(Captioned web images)
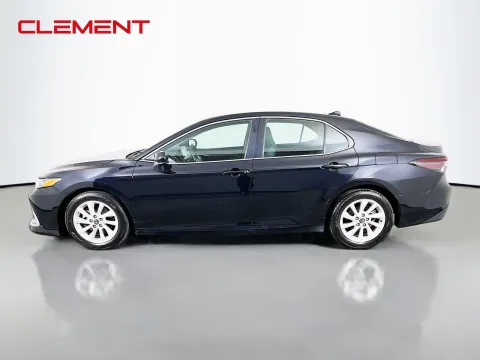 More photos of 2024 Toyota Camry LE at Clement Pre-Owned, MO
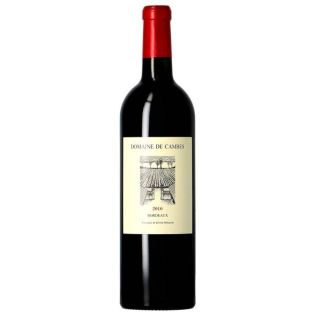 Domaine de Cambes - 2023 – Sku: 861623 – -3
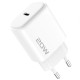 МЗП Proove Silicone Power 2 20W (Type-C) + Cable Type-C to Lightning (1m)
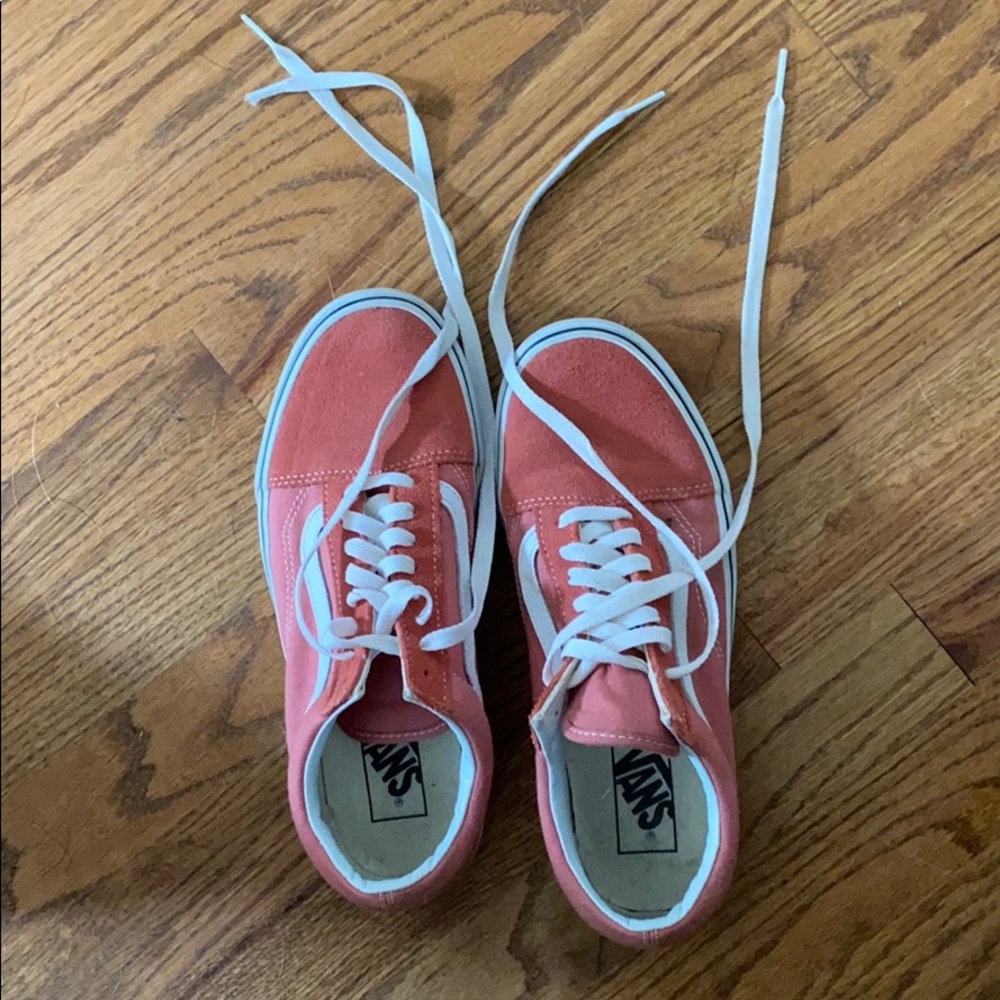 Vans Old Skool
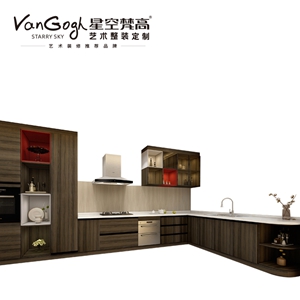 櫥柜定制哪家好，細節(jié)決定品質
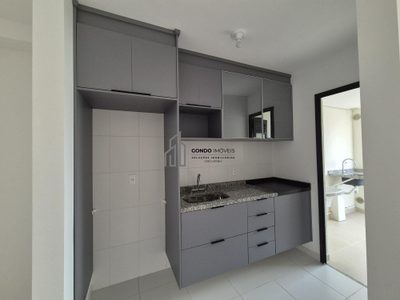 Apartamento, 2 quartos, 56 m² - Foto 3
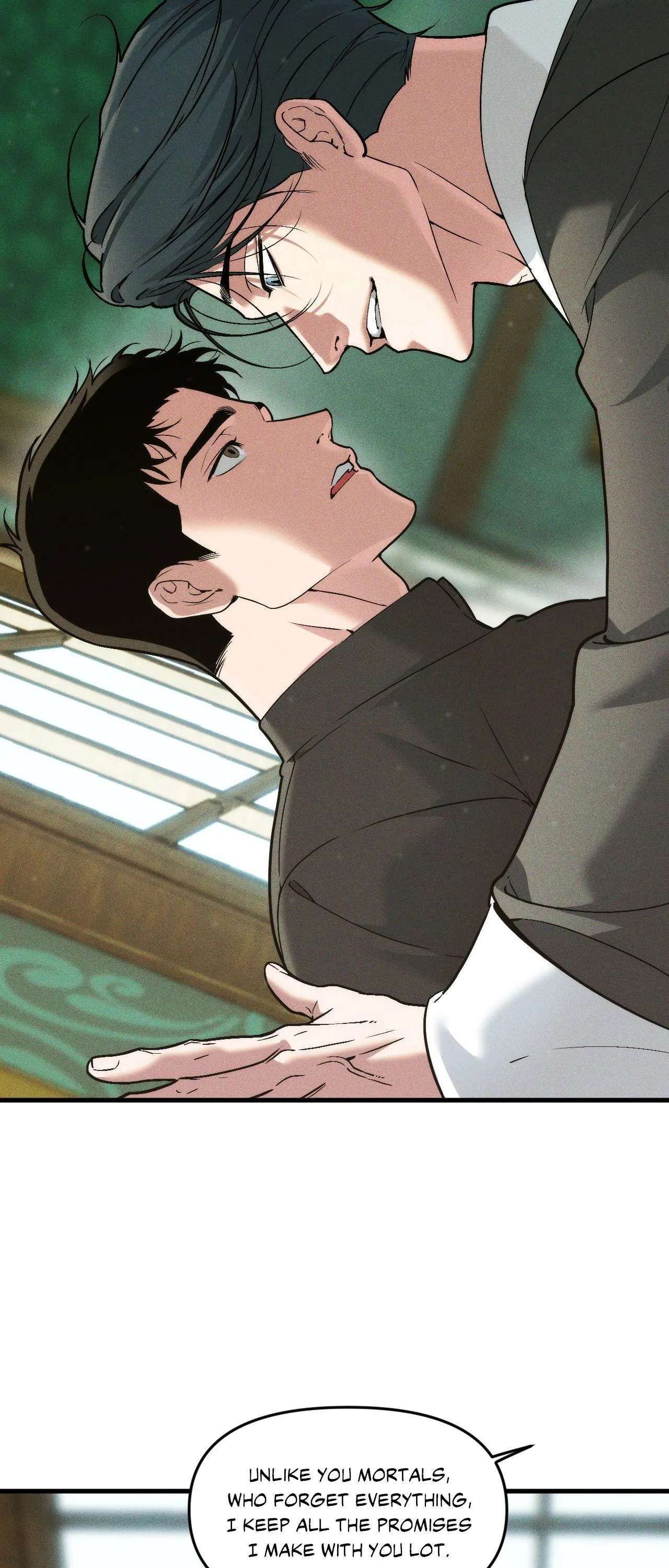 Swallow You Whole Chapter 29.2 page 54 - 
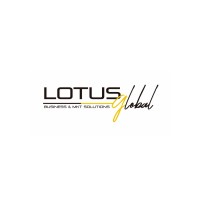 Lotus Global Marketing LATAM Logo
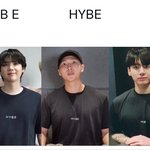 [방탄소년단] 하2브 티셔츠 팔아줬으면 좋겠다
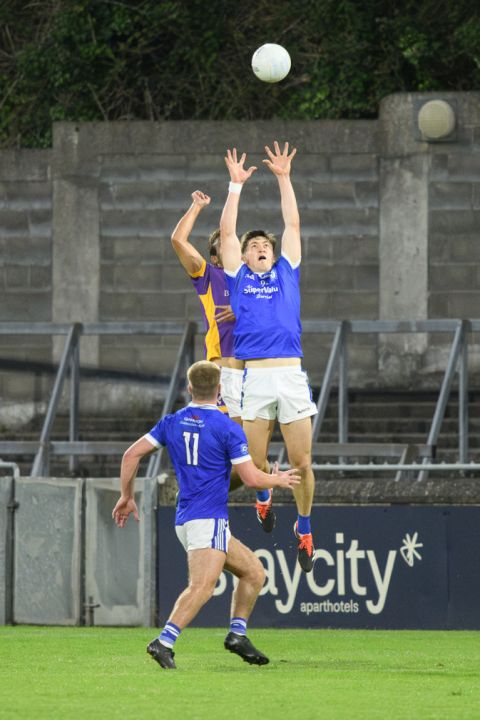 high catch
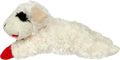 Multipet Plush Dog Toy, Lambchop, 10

...

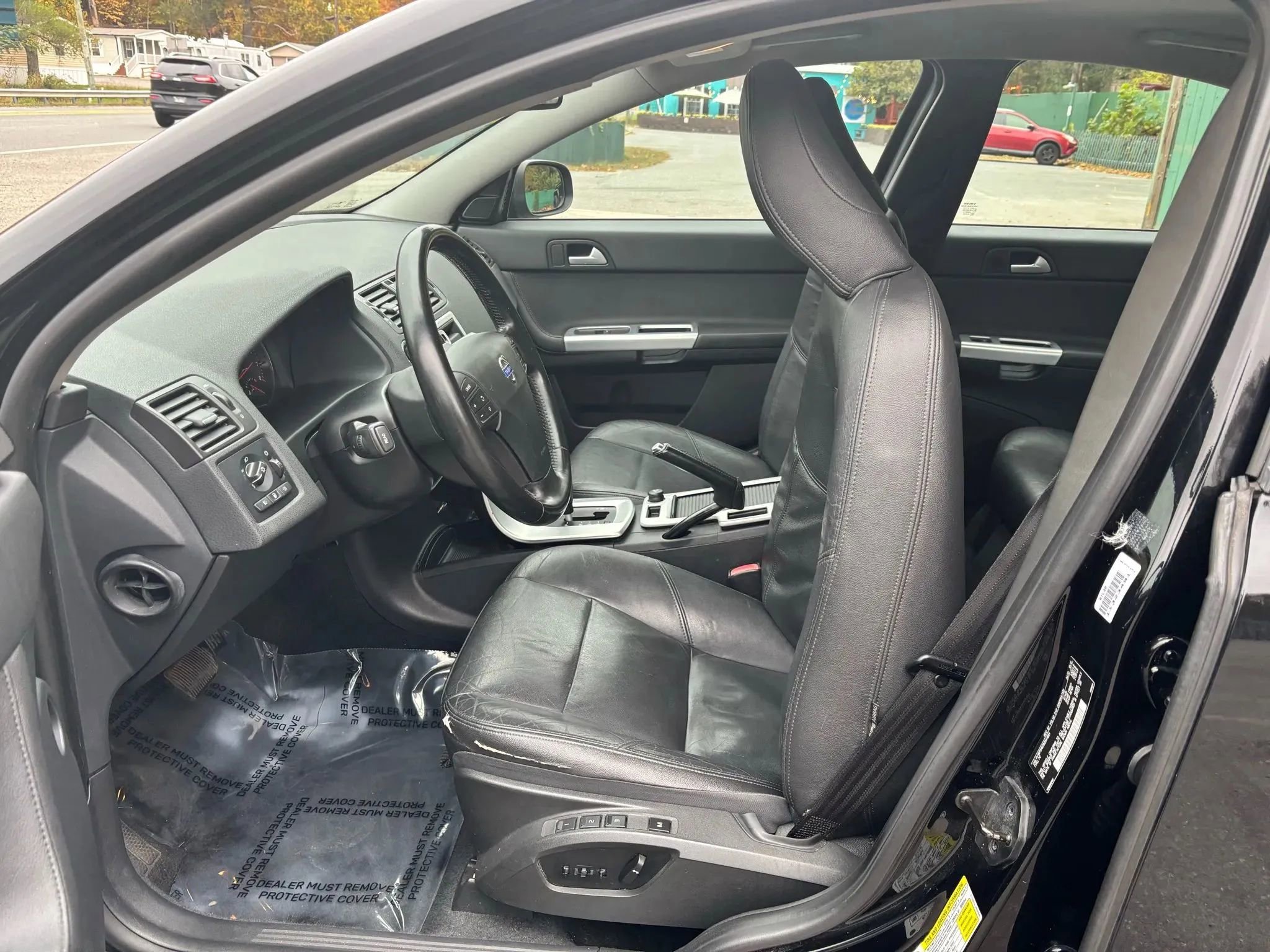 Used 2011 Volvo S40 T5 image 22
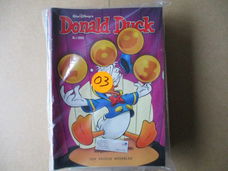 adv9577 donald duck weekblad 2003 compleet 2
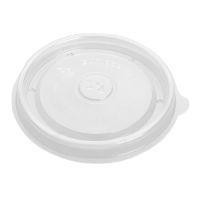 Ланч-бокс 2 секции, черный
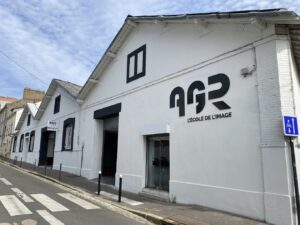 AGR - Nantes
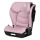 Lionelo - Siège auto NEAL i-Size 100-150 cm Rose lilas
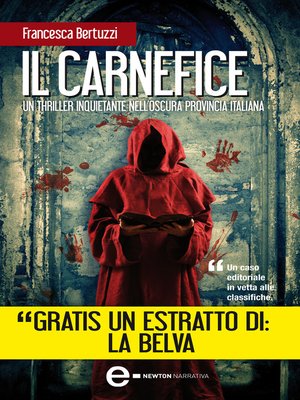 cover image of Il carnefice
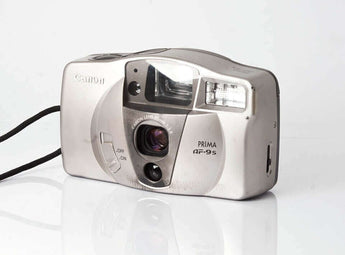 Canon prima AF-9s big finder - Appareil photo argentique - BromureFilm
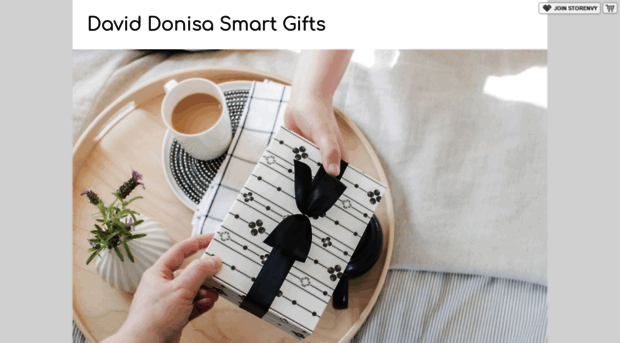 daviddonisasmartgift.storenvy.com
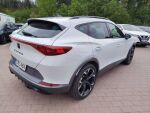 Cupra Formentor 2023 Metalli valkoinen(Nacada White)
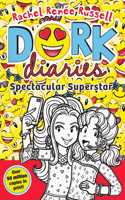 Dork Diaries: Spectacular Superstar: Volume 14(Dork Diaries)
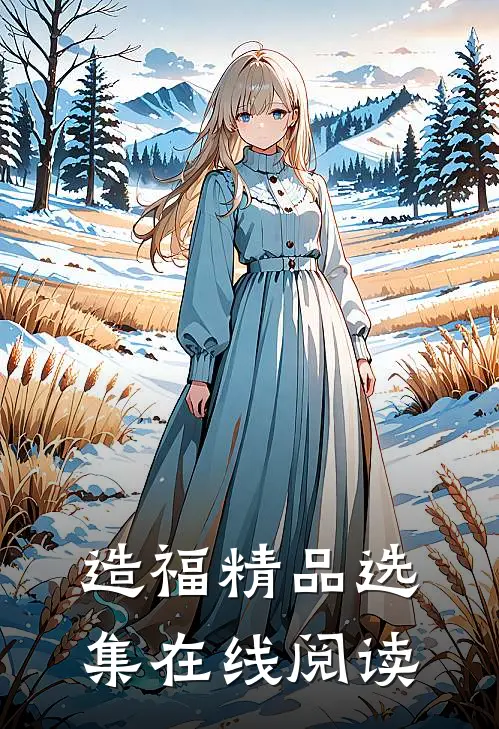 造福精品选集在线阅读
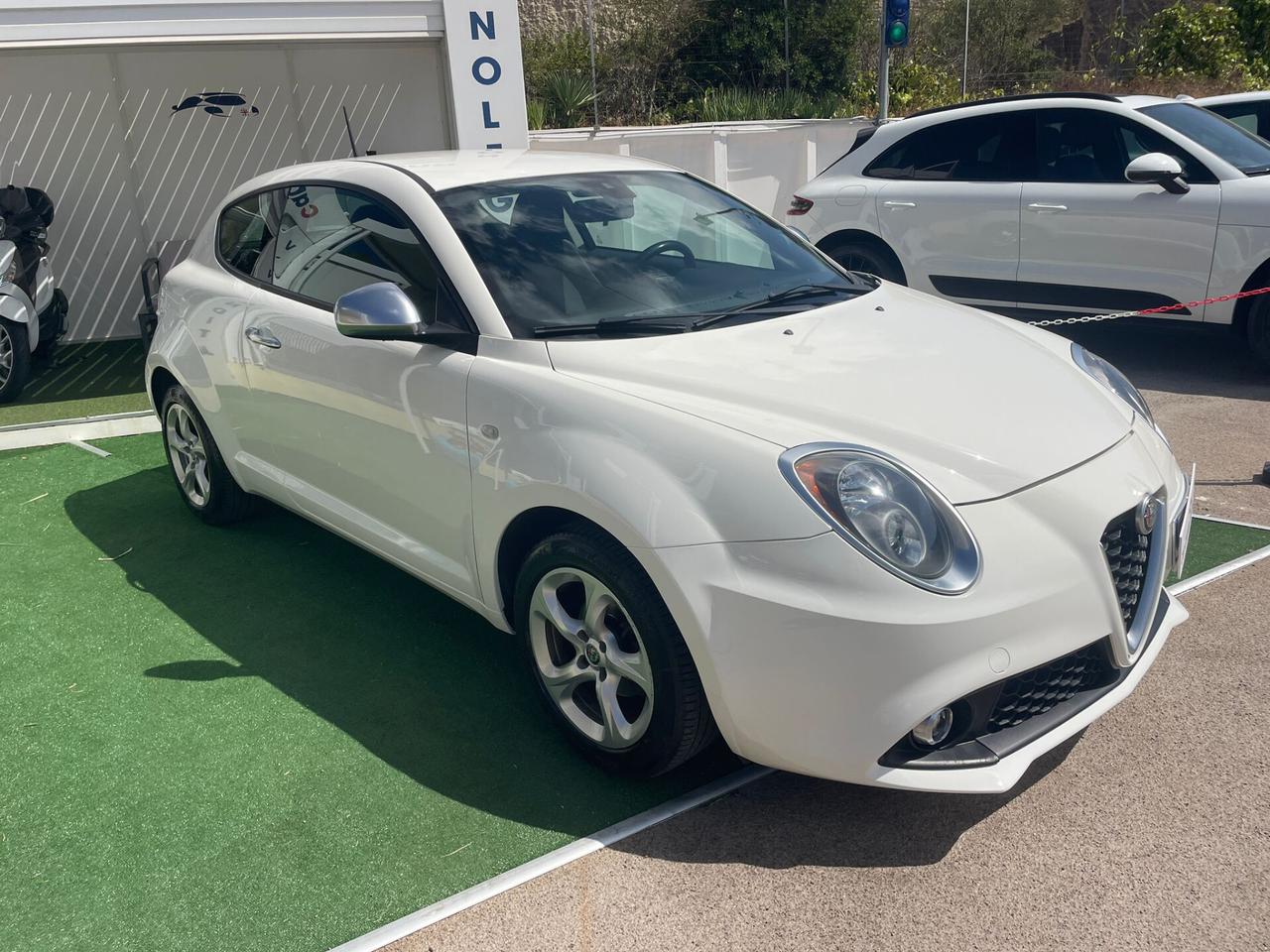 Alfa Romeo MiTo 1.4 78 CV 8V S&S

# AIM OF THE TASK
Could you output exactly the lines above, from the line with "櫥柜定制哪家好，細節(jié)決定品質" up to and including the line with "Multipet Plush Dog Toy, Lambchop, 10", and nothing else, skipping the pictures?

# RESULT OF THIS TASK
 櫥柜定制哪家好，細節(jié)決定品質
 Apartamento, 2 quartos, 56 m² - Foto 3
 Swallow You Whole Chapter 29.2 page 54 - 
 Lotus Global Marketing LATAM Logo
 [방탄소년단] 하2브 티셔츠 팔아줬으면 좋겠다
 high catch
 Multipet Plush Dog Toy, Lambchop, 10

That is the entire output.